Leitsatz (amtlich)
›Es ist nicht treuwidrig, wenn sich ein Versicherer auf die Nichteinhaltung der Frist zur ärztlichen Feststellung der Invalidität beruft, wenn
a) er nach Anmeldung des Unfalls über diese Fristen belehrt
und
b) vor Einholung eines Gutachtens auf den Ablauf der Frist und die beabsichtigte Kulanzprüfung hinweist.‹
Verfahrensgang
LG Arnsberg (Urteil vom 31.03.1998; Aktenzeichen 1 O 309/96) |
Gründe
(abgekürzt nach § 543 Abs. 1 ZPO)
I.
Für den Kläger besteht bei der Beklagten eine dynamische Unfallversicherung zu den Bedingungen AUB 88, nach deren Änderung per 26.06.1993 ihm u. a. Krankenhaustagegeld und Genesungsgeld von jeweils 44,00 DM pro Tag und bei Invalidität eine Entschädigung von 176.000,00 DM zustehen. Der Kläger verlangt von der Beklagten eine Invaliditätsentschädigung nach einem Invaliditätsgrad von 30 %, die er in erster Instanz mit 64.800,00 DM beziffert hat, wegen eines am 11. September 1993 erlittenen Verkehrsunfalles sowie ein Krankenhaustagegeld in Höhe von insgesamt 2.856,00 DM für einen stationären Aufenthalt in der E in O in der Zeit vom 20.07.1995 bis zum 16.08.1995 in Höhe von insgesamt 2.856,00 DM.

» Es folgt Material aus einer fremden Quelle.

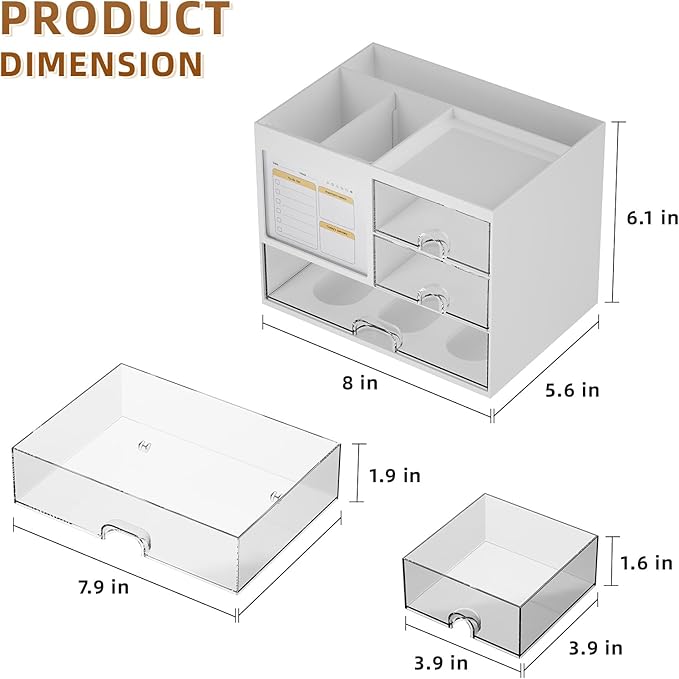 Marbrasse Desk Organizer with 3 Drawer, Desk Organizers and Accessories with 4 - Image 4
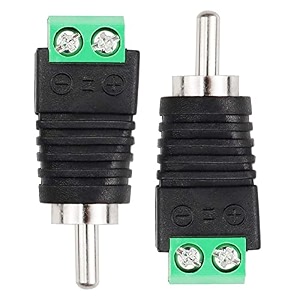taapsee 2 pieces rca to av screw terminal connector rca cable audio adapter phono rca male plug screw type solderless wire connector converter audiovideo speaker wire adapter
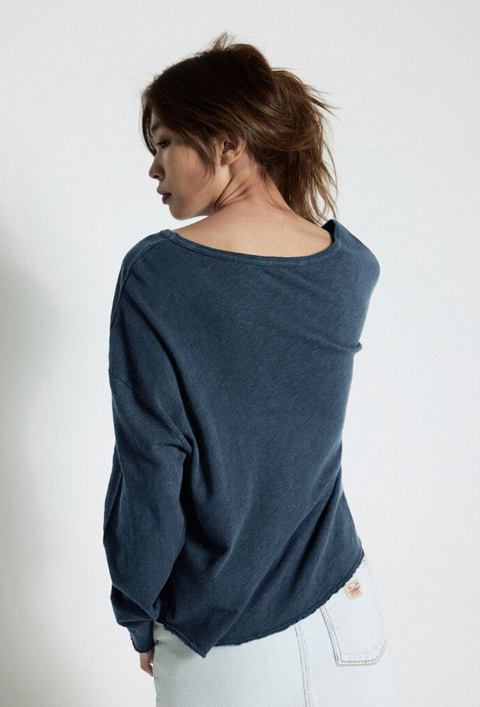 American Vintage Sonoma Long Sleeve T-Shirt - Vintage Navy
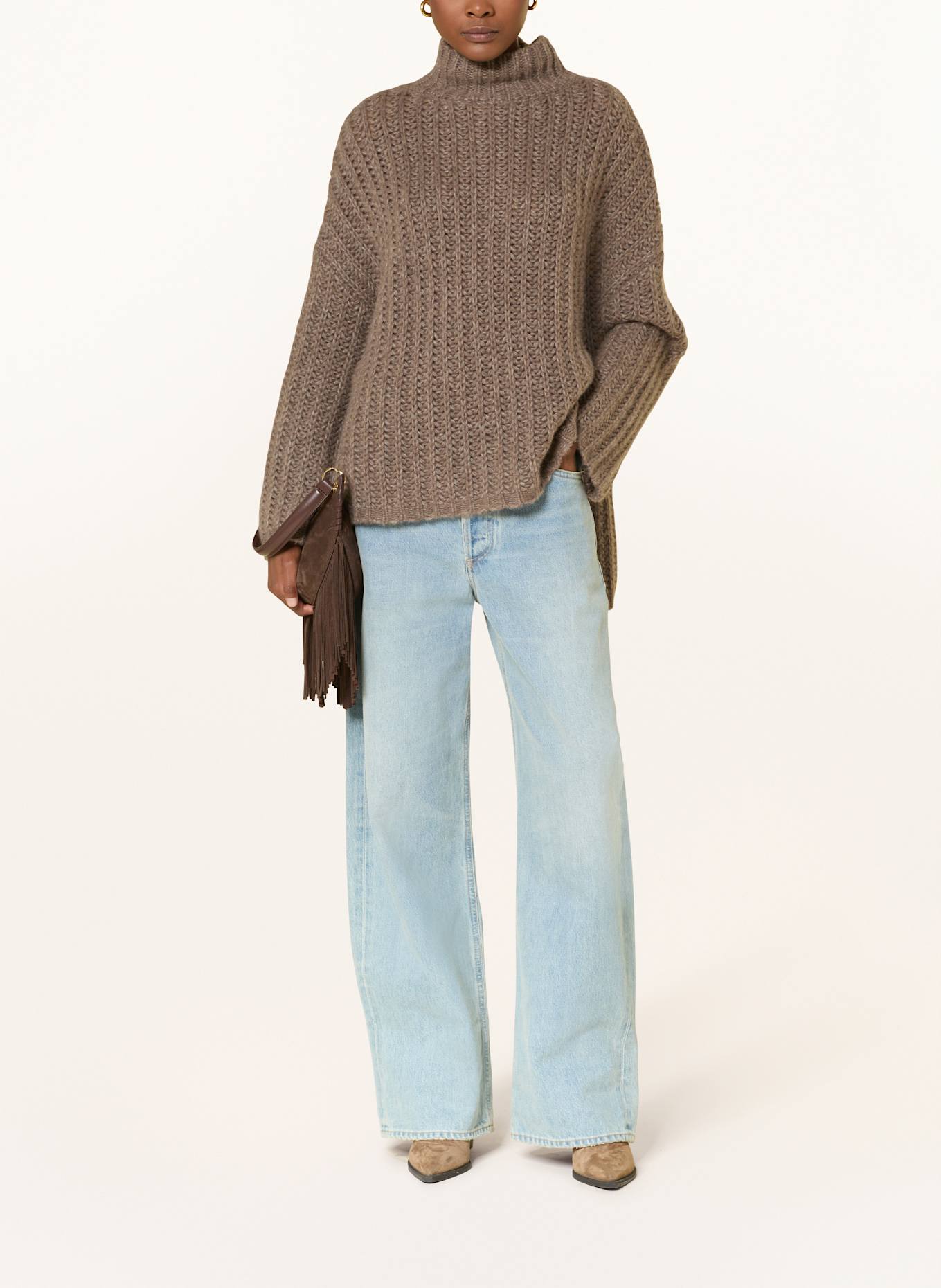 MRS & HUGS Cashmere-Pullover: DUNKELBRAUN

Nach dem Unfall vom 11. September 1993 wurden bei dem Kläger anläßlich seiner stationären Aufnahme im St. W K in M u. a. eine HWS Distorsion mit Schädelprellung und eine Fissur in der Massa lateralis rechts des Atlas ohne Dislokalision diagnostiziert. Er wurde deshalb in der Zeit vom 11.09. bis 22.10.1993 und 12.11. bis 17.12.1993 stationär behandelt. Die Beklagte zahlte bedingungsgemäß Krankenhaustagegeld, Genesungsgeld und Übergangsgeld.
Der Kläger hat behauptet, er sei wegen der bei dem oben genannten Unfall erlittenen Verletzung erneut in der Zeit vom 20.07. bis 16.08.1995 stationär behandelt worden. Er leide infolge des Unfalls bis jetzt an Kopf- und Nackenschmerzen und sei deshalb zu 30 % invalide.
Die Beklagte hat eine unfallbedingte fortdauernde Beeinträchtigung des Klägers bestritten. Es sei auch der Krankenhausaufenthalt in der Zeit vom 20.07. bis 16.08.1995 nicht unfallbedingt erforderlich gewesen.
Das Landgericht hat die Klage abgewiesen.
II.
Die gegen diese Entscheidung gerichtete Berufung des Klägers, der seinen Antrag auf Zahlung einer Invaliditätsentschädigung in Höhe von 52.800,00 DM (30 % von 176.000,00 DM) und eines Krankenhaustagegeldes in Höhe von 2.856,00 DM weiterverfolgt, ist nicht begründet.
1.
Ein Anspruch auf Invaliditätsleistung gemäß § 7 I (1) AUB 88 in Verbindung mit den §§ 1, 49 VVG steht dem Kläger nicht zu. Es kann dahinstehen, ob und in welchem Umfang der Kläger infolge des Unfalls vom 11.09.1993 auf Dauer in seiner körperlichen und geistigen Leistungsfähigkeit beeinträchtigt ist, denn es fehlt bereits an den formellen Voraussetzungen für die Begründetheit eines Anspruchs auf Invaliditätsleistung nach § 7 I 1 AUB 88.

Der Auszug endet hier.